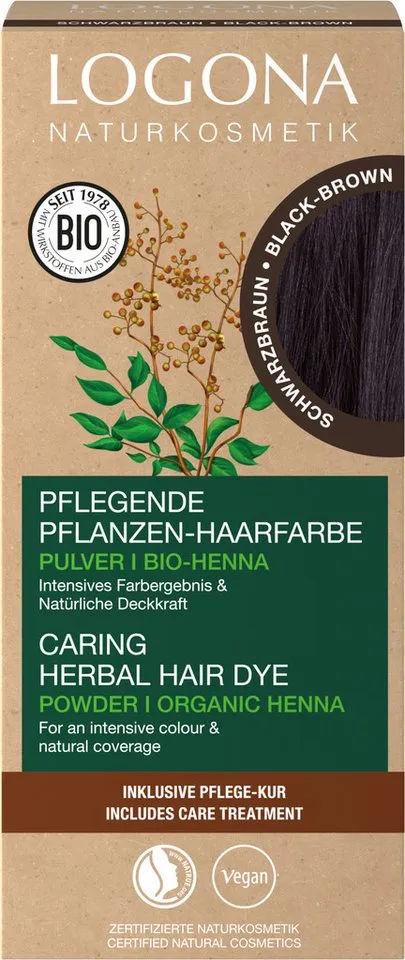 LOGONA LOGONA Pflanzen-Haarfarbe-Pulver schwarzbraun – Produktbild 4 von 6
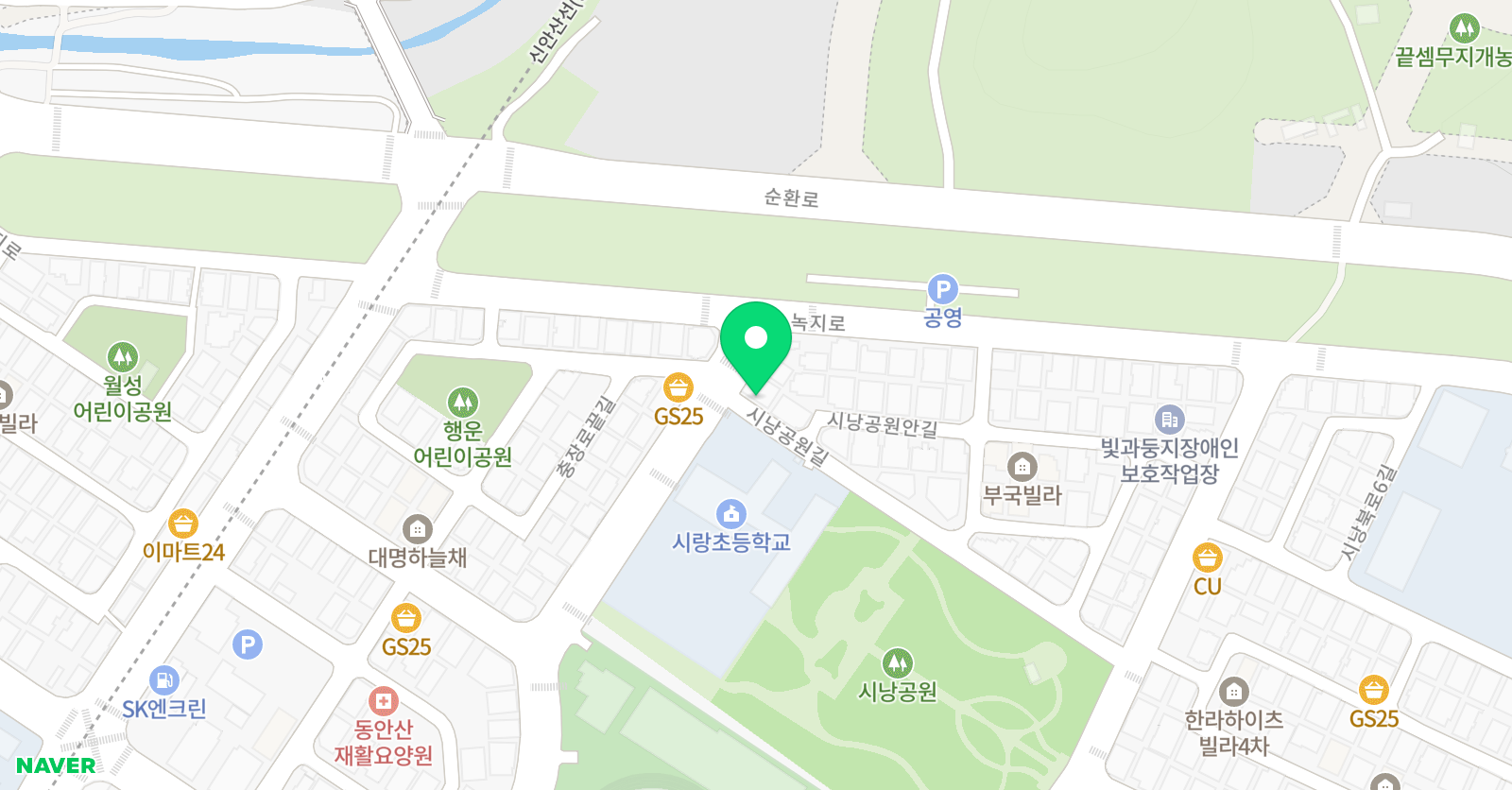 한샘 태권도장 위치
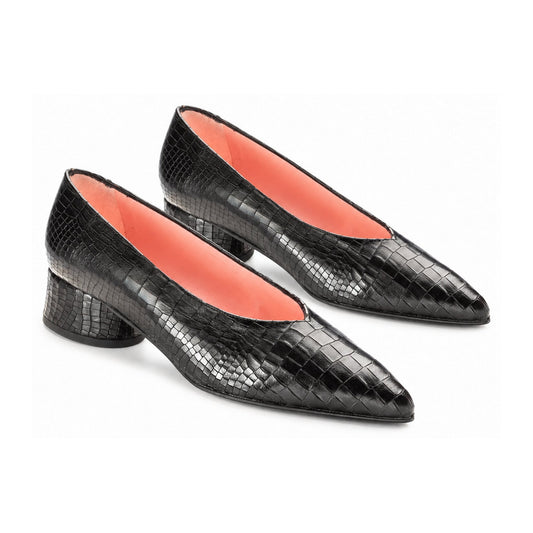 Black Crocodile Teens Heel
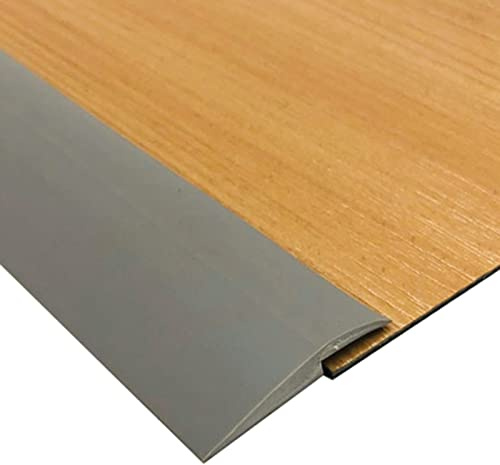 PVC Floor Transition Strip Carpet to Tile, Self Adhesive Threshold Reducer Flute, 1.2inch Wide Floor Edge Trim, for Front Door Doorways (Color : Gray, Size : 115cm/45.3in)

***

» EXERCISE DESCRIPTION
Copy the data word for word, no pictures.

» YOUR RESPONSE
 LOGONA LOGONA Pflanzen-Haarfarbe-Pulver schwarzbraun – Produktbild 4 von 6
 한샘 태권도장 위치
 Black Crocodile Teens Heel
 PVC Floor Transition Strip Carpet to Tile, Self Adhesive Threshold Reducer Flute, 1.2inch Wide Floor Edge Trim, for Front Door Doorways (Color : Gray, Size : 115cm/45.3in)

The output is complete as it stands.